Am I an Atheist? Reflections on “From Minister to Atheist: A Story of Losing Faith”


Teresa MacBain, a former United Methodist minister, just “came out” as an atheist. Her story quickly went viral via NPR, gaining more than 26,000 shares on facebook. I believe this massive following of her faith struggle signals America’s deep need to address this long suppressed issue. Her bravery to discuss this shameful topic has encouraged others to come out, including myself.

I understand that the phrase “minister-turned-atheist” sounds anathema to the Christian community. Before you cast Teresa off as a God-forsaking relativistic, universalistic atheist, please know that her transition to atheism was not a flippant decision to abandon her faith and turn her back on the Divine. Rather, she reached her conclusions after a lifelong journey of great thought, self-examination, and struggle to be an authentic and honest person.

My Journey

I empathize with Teresa MacBain’s journey because I also underwent a theological “evolution” over the past few years. Similar to her, I stepped down from my church internship (and dropped out of seminary) as I could no longer declare with confidence the message and doctrines of the Christian church. And I too felt that stress of living a double life. Sure, I didn’t have to preach as Teresa did, but I had to present myself to the congregation each Sunday and “declare” my Christian commitments. Perhaps not in my overt statements of faith, but in my conversations, in the ways I presented myself, in the smiles I wore. I could not say with gusto: “I am questioning, I am doubting, I am struggling,” for that is tantamount to, “my relationship with God is rocky;” or worse, “I’m losing my faith in God.”

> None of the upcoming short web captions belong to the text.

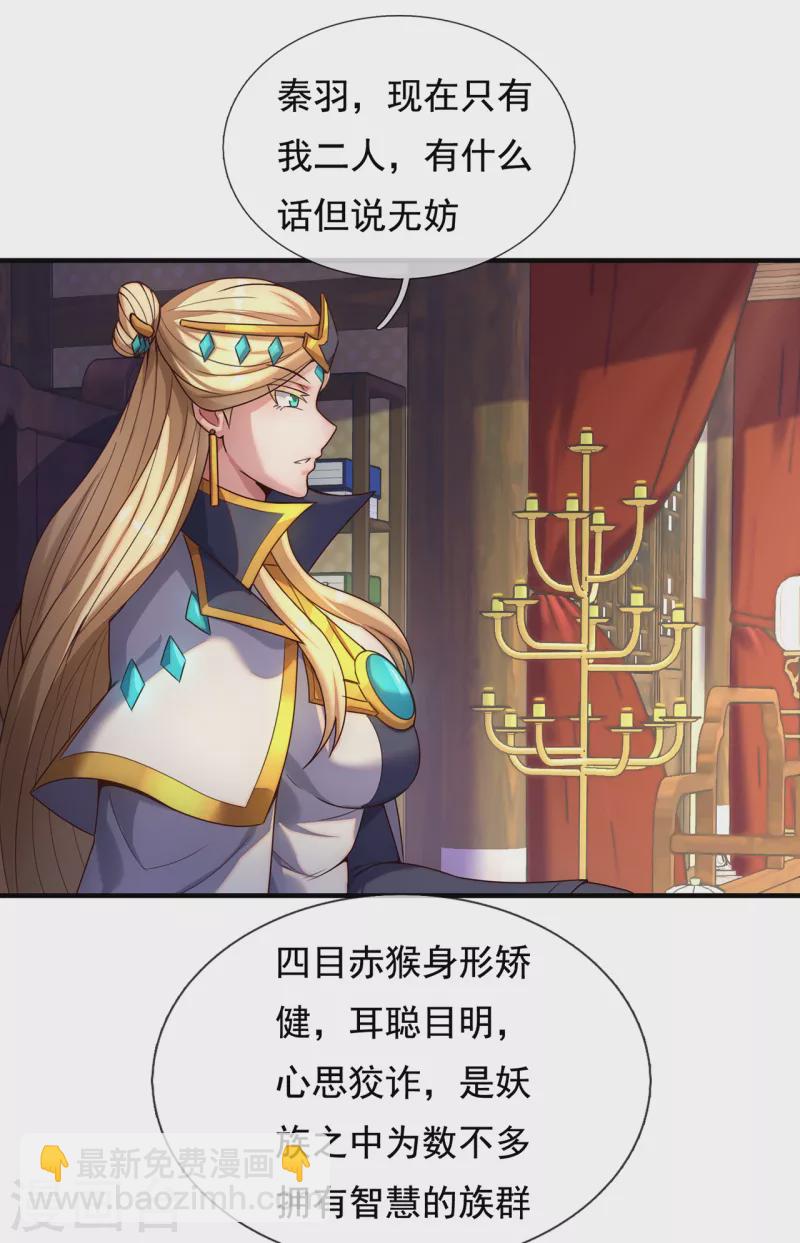 🍚玄天至尊 第73话 妖族洪流，提前部署 第5页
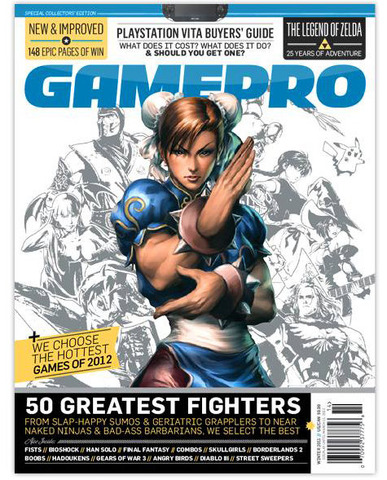 北米のゲームマガジン「GamePro」が11月号を持って廃刊になり、ウェブ版も2011年12月5日付けで閉鎖されることが明らかになりました。
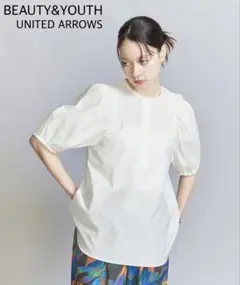 【BEAUTY&YOUTH】 コットンナイロン パフスリーブ ブラウス ホワイト
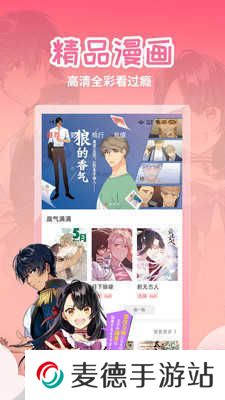 歪歪韩漫未删减版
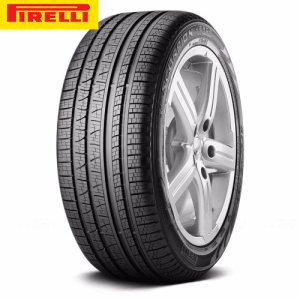The Tyre Mall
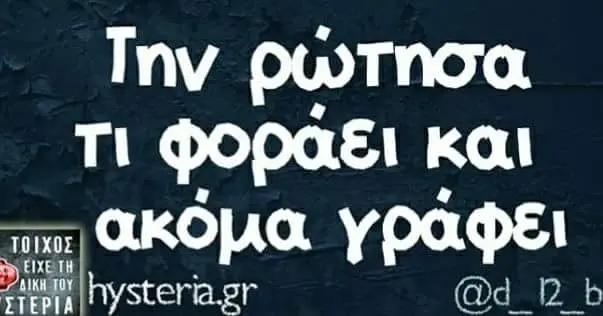 Την ρώτησα Τι και ακόμα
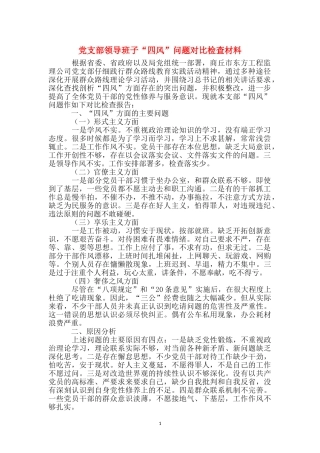 党支部领导班子“四风”问题对照检查材料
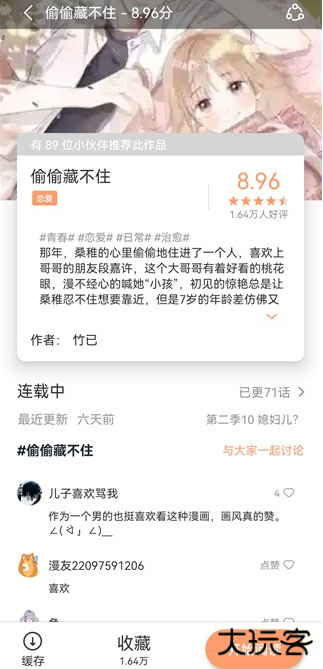 无染二次元app下载安卓版 无染二次元app下载安卓版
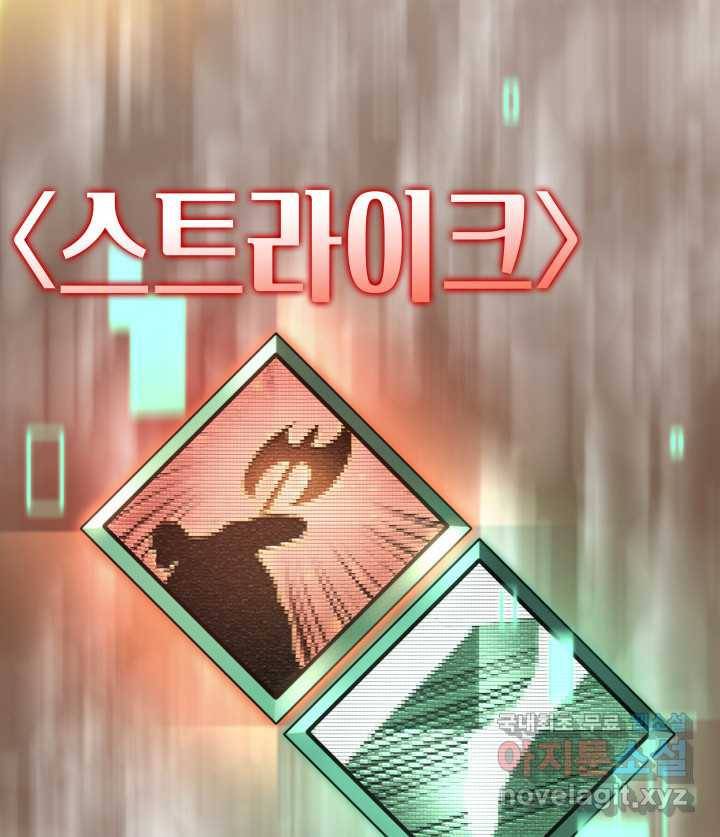 SSS급 랭커 회귀하다 17화 122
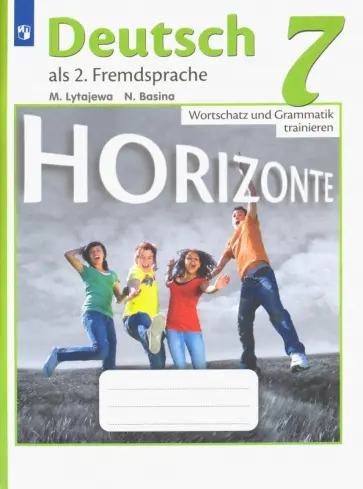 Лытаева, Базина - Немецкий язык. 7 класс. Лексика и грамматика. Сборник упражнений. Второй иностранный язык. ФГОС Лытаева, Базина - Немецкий язык. 7 класс. Лексика и грамматика. Сборник упражнений. Второй иностранный язык. ФГОС обложка книги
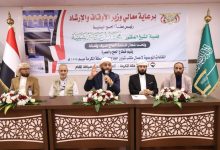 The Minister of Awqaf held a comprehensive meeting with the field committees of the Yemeni delegation for the 1446 Hajj season.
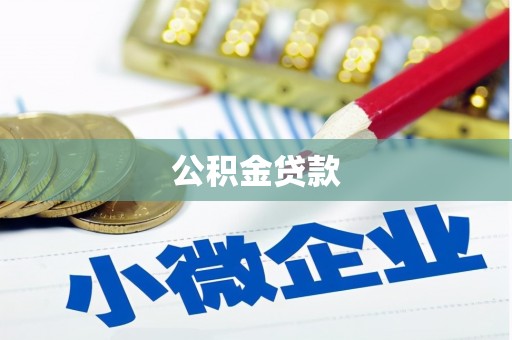 深圳公积金贷款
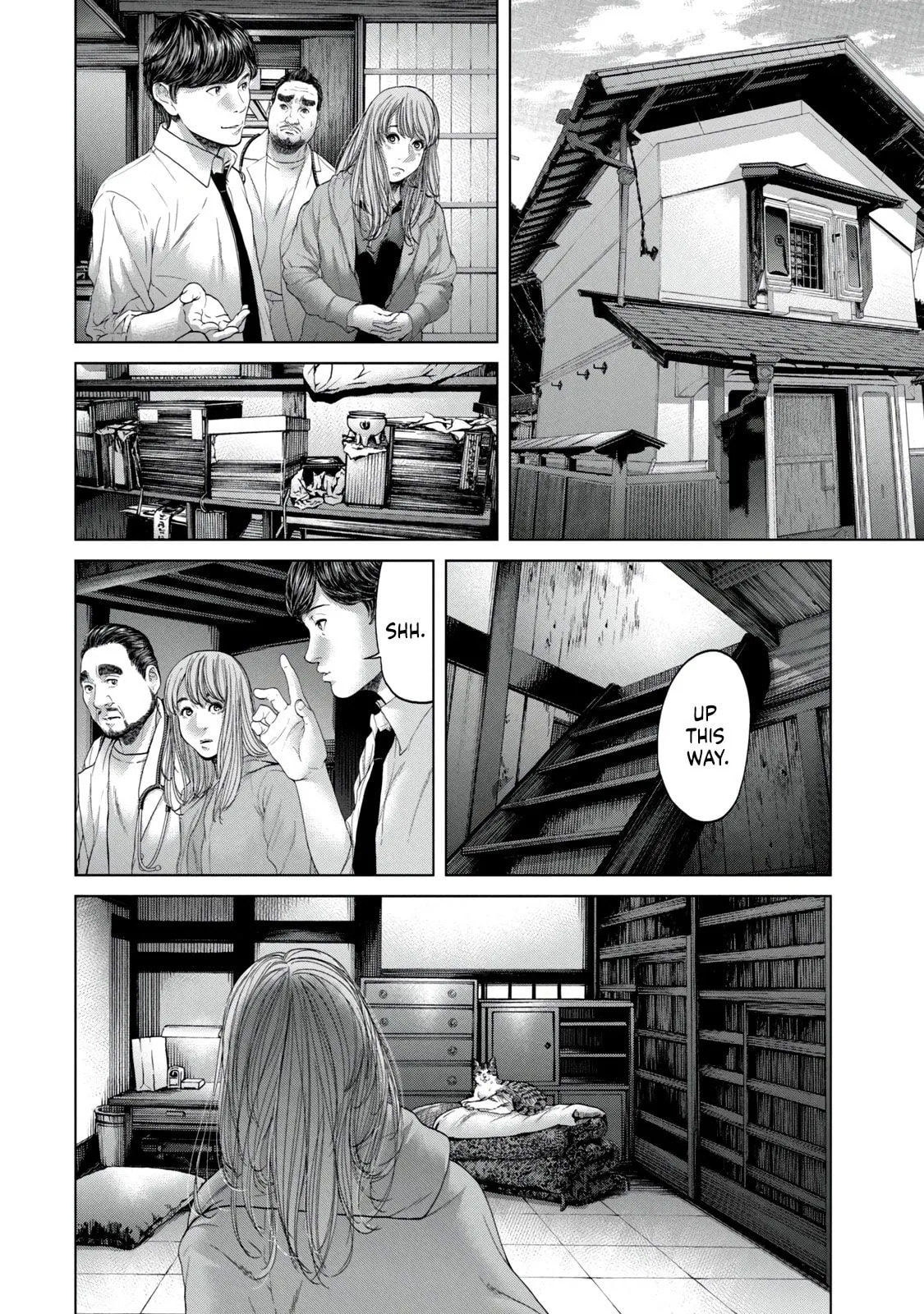 Read Kisei Rettou chapter 4 image 13 on Lezhin
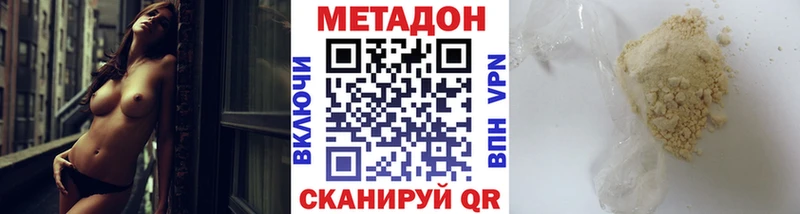 Метадон белоснежный  Ульяновск 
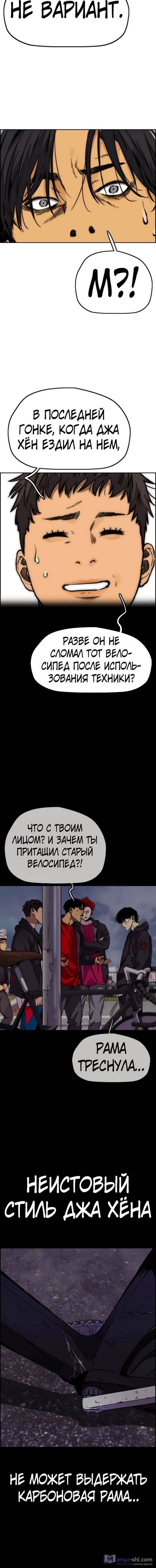 Страница 12 главы 62.0004 манги Ветролом / Windbreaker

The Simpsons’ take on Christian Fundamentalism

A few months after transitioning out of church staff and seminary, two church lay-leaders asked me why I left seminary. After doing a rapid internal dialogue in my mind, I decided to be honest.

“I left because I was having intellectual doubts about aspects of the Christian tradition,” I answered truthfully, but remained vague.

“Like what?” one asked. I briefly responded with my bitterness towards the Church’s complicity, and at times reinforcement, towards issues of injustice. “Like the Crusades,” he confirmed. “Yes, like the Crusades…”

“What seminary did you attend?” the other asked abruptly. “Fuller,” I answered, the school with the ‘liberal’ stigma in our denomination. “Of course,” came his retort, as if this confirmed his suspicion that my alma mater was in fact heretical.

Feeling very uncomfortable, I opened my mouth to initiate my exit. Before the words could leave my tongue, the second man interrupted: “Most importantly, how’s your relationship with God?” he pried, with an eye-piercing yet sincere stare. Taken aback, I blustered, “What? Uhh…I-I don’t know,” responding as if he’d asked me “How’s your sex life?” Sensing that the conversation was over, he back-tracked and ended with, “Well, we’ll be praying for you.” “Thank you,” I simpered, and hastily left the room.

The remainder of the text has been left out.